● **What is needed**
Nothing in the records may change. Print them all again.

Caption-style text data:
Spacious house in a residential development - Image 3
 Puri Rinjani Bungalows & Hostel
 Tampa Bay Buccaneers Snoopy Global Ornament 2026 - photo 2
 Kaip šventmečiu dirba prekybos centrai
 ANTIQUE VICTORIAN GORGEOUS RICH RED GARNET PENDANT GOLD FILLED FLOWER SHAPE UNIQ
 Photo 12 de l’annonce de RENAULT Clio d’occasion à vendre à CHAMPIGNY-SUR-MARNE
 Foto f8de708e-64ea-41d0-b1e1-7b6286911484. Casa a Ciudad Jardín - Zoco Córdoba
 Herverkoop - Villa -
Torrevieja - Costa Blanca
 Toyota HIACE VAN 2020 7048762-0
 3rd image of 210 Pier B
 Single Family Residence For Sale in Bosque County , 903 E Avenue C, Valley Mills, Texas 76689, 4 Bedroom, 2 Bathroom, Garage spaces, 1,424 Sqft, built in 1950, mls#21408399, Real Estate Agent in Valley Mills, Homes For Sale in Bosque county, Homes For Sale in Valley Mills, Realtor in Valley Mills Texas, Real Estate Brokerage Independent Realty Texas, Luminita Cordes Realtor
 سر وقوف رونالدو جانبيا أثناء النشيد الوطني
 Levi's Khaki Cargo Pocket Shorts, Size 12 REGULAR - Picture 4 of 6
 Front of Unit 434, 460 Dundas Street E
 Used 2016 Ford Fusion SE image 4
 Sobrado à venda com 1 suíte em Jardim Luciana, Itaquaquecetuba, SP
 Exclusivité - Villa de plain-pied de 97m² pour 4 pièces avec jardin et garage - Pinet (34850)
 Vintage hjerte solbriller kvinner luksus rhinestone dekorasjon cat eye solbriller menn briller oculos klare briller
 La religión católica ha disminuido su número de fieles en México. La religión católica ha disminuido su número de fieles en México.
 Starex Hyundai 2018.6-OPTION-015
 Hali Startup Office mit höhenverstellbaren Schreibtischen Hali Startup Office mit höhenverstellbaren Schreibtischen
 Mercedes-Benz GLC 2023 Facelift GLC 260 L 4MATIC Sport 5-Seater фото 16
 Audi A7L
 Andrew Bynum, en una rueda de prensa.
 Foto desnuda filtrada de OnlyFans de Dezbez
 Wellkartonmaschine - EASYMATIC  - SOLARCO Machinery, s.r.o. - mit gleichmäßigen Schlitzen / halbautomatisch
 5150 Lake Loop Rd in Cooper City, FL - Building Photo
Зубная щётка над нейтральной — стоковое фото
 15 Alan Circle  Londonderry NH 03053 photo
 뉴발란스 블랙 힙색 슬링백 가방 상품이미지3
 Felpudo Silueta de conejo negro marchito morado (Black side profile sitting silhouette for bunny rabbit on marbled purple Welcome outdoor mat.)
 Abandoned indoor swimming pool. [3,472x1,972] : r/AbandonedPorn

● **The answer**
Spacious house in a residential development - Image 3
 Puri Rinjani Bungalows & Hostel
 Tampa Bay Buccaneers Snoopy Global Ornament 2026 - photo 2
 Kaip šventmečiu dirba prekybos centrai
 ANTIQUE VICTORIAN GORGEOUS RICH RED GARNET PENDANT GOLD FILLED FLOWER SHAPE UNIQ
 Photo 12 de l’annonce de RENAULT Clio d’occasion à vendre à CHAMPIGNY-SUR-MARNE
 Foto f8de708e-64ea-41d0-b1e1-7b6286911484. Casa a Ciudad Jardín - Zoco Córdoba
 Herverkoop - Villa -
Torrevieja - Costa Blanca
 Toyota HIACE VAN 2020 7048762-0
 3rd image of 210 Pier B
 Single Family Residence For Sale in Bosque County , 903 E Avenue C, Valley Mills, Texas 76689, 4 Bedroom, 2 Bathroom, Garage spaces, 1,424 Sqft, built in 1950, mls#21408399, Real Estate Agent in Valley Mills, Homes For Sale in Bosque county, Homes For Sale in Valley Mills, Realtor in Valley Mills Texas, Real Estate Brokerage Independent Realty Texas, Luminita Cordes Realtor
 سر وقوف رونالدو جانبيا أثناء النشيد الوطني
 Levi's Khaki Cargo Pocket Shorts, Size 12 REGULAR - Picture 4 of 6
 Front of Unit 434, 460 Dundas Street E
 Used 2016 Ford Fusion SE image 4
 Sobrado à venda com 1 suíte em Jardim Luciana, Itaquaquecetuba, SP
 Exclusivité - Villa de plain-pied de 97m² pour 4 pièces avec jardin et garage - Pinet (34850)
 Vintage hjerte solbriller kvinner luksus rhinestone dekorasjon cat eye solbriller menn briller oculos klare briller
 La religión católica ha disminuido su número de fieles en México. La religión católica ha disminuido su número de fieles en México.
 Starex Hyundai 2018.6-OPTION-015
 Hali Startup Office mit höhenverstellbaren Schreibtischen Hali Startup Office mit höhenverstellbaren Schreibtischen
 Mercedes-Benz GLC 2023 Facelift GLC 260 L 4MATIC Sport 5-Seater фото 16
 Audi A7L
 Andrew Bynum, en una rueda de prensa.
 Foto desnuda filtrada de OnlyFans de Dezbez
 Wellkartonmaschine - EASYMATIC  - SOLARCO Machinery, s.r.o. - mit gleichmäßigen Schlitzen / halbautomatisch
 5150 Lake Loop Rd in Cooper City, FL - Building Photo
Зубная щётка над нейтральной — стоковое фото
 15 Alan Circle  Londonderry NH 03053 photo
 뉴발란스 블랙 힙색 슬링백 가방 상품이미지3
 Felpudo Silueta de conejo negro marchito morado (Black side profile sitting silhouette for bunny rabbit on marbled purple Welcome outdoor mat.)
 Abandoned indoor swimming pool. [3,472x1,972] : r/AbandonedPorn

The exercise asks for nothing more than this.